Of various sensory modalities (e.g., visual, auditory, tactile and olfactory), the present study focused on audiovisual integration, one particular type of MSI, for a few reasons. Audiovisual integration is crucial for face-to-face communications and the exchange of emotional messages, and difficulties in audiovisual integration may lead to socio-communicative problems, especially for people with mental disorders, thus negatively influencing their quality of life. [
16] Specifically for schizophrenia patients, perceptual dysfunction in visual and auditory modalities has been regarded as a hallmark symptom, [
17,
18] and the integration of these two modalities has been substantially investigated in this population, [
1,
19,
20,
21] which seemed to be correlated with schizophrenic symptoms like hallucination. [
22] Therefore, since the widely attended audiovisual MSI could deepen our understanding of schizophrenia and potentially improve patients’ quality of life, the present study has primarily synthesized MSI findings from the audiovisual domain.

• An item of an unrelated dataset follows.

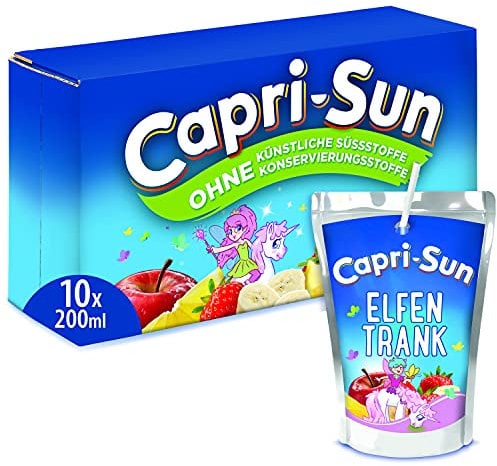 Capri-Sun Elfentrank, 4 x 10 x 200 ml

Drawing on existing review articles concerning the MSI ability in populations with neuropsychiatric disorders, this ability could be investigated from three essential components. [
23,
24,
25] First, the multisensory gain [
26] denotes the benefits or performance enhancement obtained from multisensory stimuli compared to unisensory stimuli, which is also known as the redundant signals effect [
27] or congruent facilitation effect. [
28] A few paradigms, including simultaneity judgement [
2] and temporal order judgement [
29] have been commonly used to explore the multisensory gain. A second MSI component is simply the direct processing of multisensory inputs. For example, in the McGurk [
30] and sound-induced flash illusion (SIFI) [
3] paradigms, participants need to fuse information concurrently from different sensory modalities into one percept, which reflects the outcome of MSI processing. Third, the processing discrepancy between different multisensory conditions, as a reflection of the MSI adaptation ability, [
31] has also been attended as part of the MSI capability. For example, in a typical emotion identification task, the identification of emotions in one modality can be influenced differently by different emotions in the other modality. [
11] Recent meta-analyses suggested that neural correlates of audiovisual integration in the human brain are highly context-dependent, with both commonly and uniquely engaged brain regions as a function of analytical contrast, stimulus complexity and attention. [
15,
32] In support of the rationale to classify audiovisual MSI into different components, unique activation patterns of brain regions were identified if respectively analyzing the bimodal-unimodal contrasts (e.g., bilateral temporal cortices), audiovisual processing (e.g., right insula, right middle temporal gyrus) and bimodal-bimodal contrasts (e.g., right inferior frontal gyrus, right superior temporal gyrus, left occipital gyrus). [
15] Motivated by such findings, it shall be necessary to analyze the behavioral and neurological changes of schizophrenia patients across different audiovisual MSI components, as unique patterns may be identified when distinct neural correlates are involved.
Considering distinct neural mechanisms underlying these subordinate components of audiovisual MSI, extant results on different MSI components would also be respectively aggregated in the current study (for more detailed illustrations, see eIntroduction in Supplementary File S1; Supplementary Tables S1 and S2). By definition, the multisensory-unisensory (MU) contrast denotes the performance enhancement or processing benefit of audiovisual information, compared to unisensory stimuli. The audiovisual processing (AVP) component refers to the direct processing of audiovisual stimuli, without contrasting other unisensory or multisensory stimuli. The multisensory-multisensory (MM) contrast means the differences in processing different types of multisensory stimuli involved in particular MSI tasks, which reflects the MSI adaptation ability between various multisensory conditions.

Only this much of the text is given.